Class UniversalIsomorphismTester

java.lang.Object
org.openscience.cdk.isomorphism.UniversalIsomorphismTester

public class UniversalIsomorphismTester extends Object
This class implements a multipurpose structure comparison tool. It allows to find maximal common substructure, find the mapping of a substructure in another structure, and the mapping of two isomorphic structures.

Structure comparison may be associated to bond constraints (mandatory bonds, e.g. scaffolds, reaction cores,...) on each source graph. The constraint flexibility allows a number of interesting queries. The substructure analysis relies on the RGraph generic class (see: RGraph) This class implements the link between the RGraph model and the the CDK model in this way the RGraph remains independent and may be used in other contexts.

This algorithm derives from the algorithm described in [Tonnelier, C. et. al.. Tetrahedron Comput.
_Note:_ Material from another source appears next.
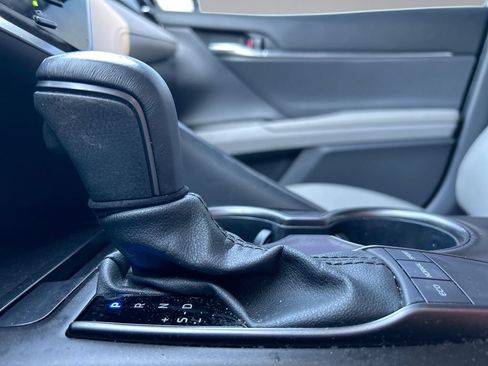 Used 2024 Toyota Camry SE w/ Convenience Package FWD image 25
Methodol.. 1990. 3] and modified in the thesis of T. Hanser [Hanser, Th., Apprentissage automatique de méthodes de synthèse à partir d'exemples, 1993, ?Institute?].

With the isSubgraph(IAtomContainer, IAtomContainer) method, the second, and only the second argument may be a IQueryAtomContainer, which allows one to do SMARTS or MQL like queries. The first IAtomContainer must never be an IQueryAtomContainer. An example:

  SmilesParser sp = new SmilesParser(DefaultChemObjectBuilder.getInstance());
  IAtomContainer atomContainer = sp.parseSmiles("CC(=O)OC(=O)C"); // acetic acid anhydride
  IAtomContainer SMILESquery = sp.parseSmiles("CC"); // ethane
  IQueryAtomContainer query = IQueryAtomContainerCreator.createBasicQueryContainer(SMILESquery);
  boolean isSubstructure = UniversalIsomorphismTester.isSubgraph(atomContainer, query);
  

WARNING: As a result of the adjacency perception used in this algorithm there is a single limitation: cyclopropane and isobutane are seen as isomorph. This is due to the fact that these two compounds are the only ones where each bond is connected two each other bond (bonds are fully connected) with the same number of bonds and still they have different structures The algorithm could be easily enhanced with a simple atom mapping manager to provide an atom level overlap definition that would reveal this case. We decided not to penalize the whole procedure because of one single exception query. Furthermore isomorphism may be discarded since the number of atoms are not the same (3 != 4) and in most case this will be already screened out by a fingerprint based filtering. It is possible to add a special treatment for this special query. Be reminded that this algorithm matches bonds only.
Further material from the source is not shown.